When Clifford Beers declared more than a century ago that “I must fight in the open” on behalf of people with mental illnesses, he struck a chord that would resonate for years to come. I imagine that it would disappoint him to know how slow our progress in this fight has been.

Myths matter

There are still too many myths about people living with mental illness: that they are prone to violence, unusually resistant to treatment and services and, when very ill, typically don’t even understand the nature of their conditions. We’ve created these myths in part by being afraid to look clearly at mental illnesses and listen closely to the people who have them.

Fighting in the open is the only way to bust myths, and change minds.

“We can protect mental health, but only if we are willing to talk about mental illnesses openly.”

Confronting the problem

Today, mental illnesses remain the only chronic diseases that as a matter of public policy we typically wait until Stage 4 to treat. In Beers’ day, when people became too ill to remain with families, we sent them to large institutions. We no longer do that. We still wait far too long to intervene, but then rely on jails and prisons instead.

Every chronic health condition should be addressed early, not late. We can move people toward recovery, but only if we take mental health seriously. We can protect mental health, but only if we are willing to talk about mental illnesses openly.
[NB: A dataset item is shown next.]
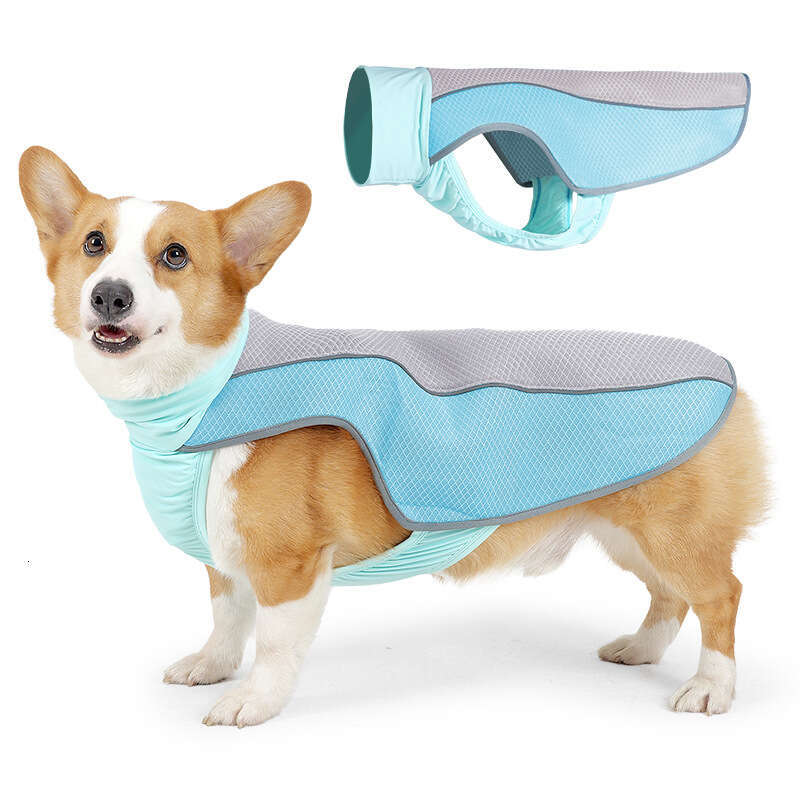 Famous brand New Year the Dragon cross border dog clothing summer suitable for medium and large dogs made of ice silk breathable pet cooling vest pupa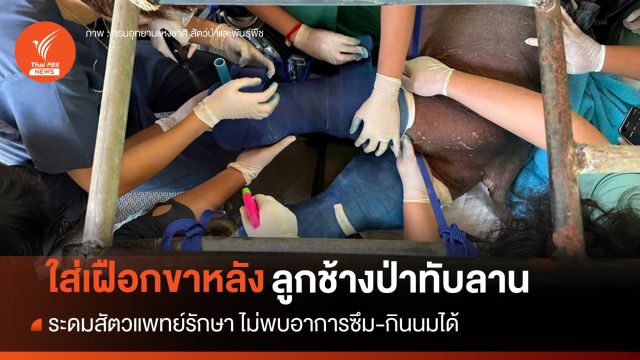 ระดมหมอรักษา "ลูกช้างป่าทับลาน" เข้าเฝือกขาหลัง กินนมได้-ไม่ซึม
As a lasting legacy to Clifford Beers, millions take part in commemorating Mental Health Month each May. Every year, we open a dialogue and talk openly about what mental health is and what mental illnesses feel like.

Creating a movement

The challenge is to move those listeners to action. We need them to help strip the stigma from mental illness and end discrimination against people who have mental illnesses. We need them to join the fight to address mental illnesses the same way we address other chronic diseases, through prevention, screening, early identification and early intervention.

We need them to demand that in practice we integrate mental health care and services with other health and social services, just as we do for other chronic conditions. And we need them to tell public officials to stop treating only what they consider to be “serious” mental illness, and to treat all mental illnesses seriously.

There is so much more we could do to promote recovery and mental health if we act before Stage 4—before crises occur, families are destroyed, educational opportunities dry up, jobs are lost and lives are compromised. We need to keep fighting in the open, and make all lives matter.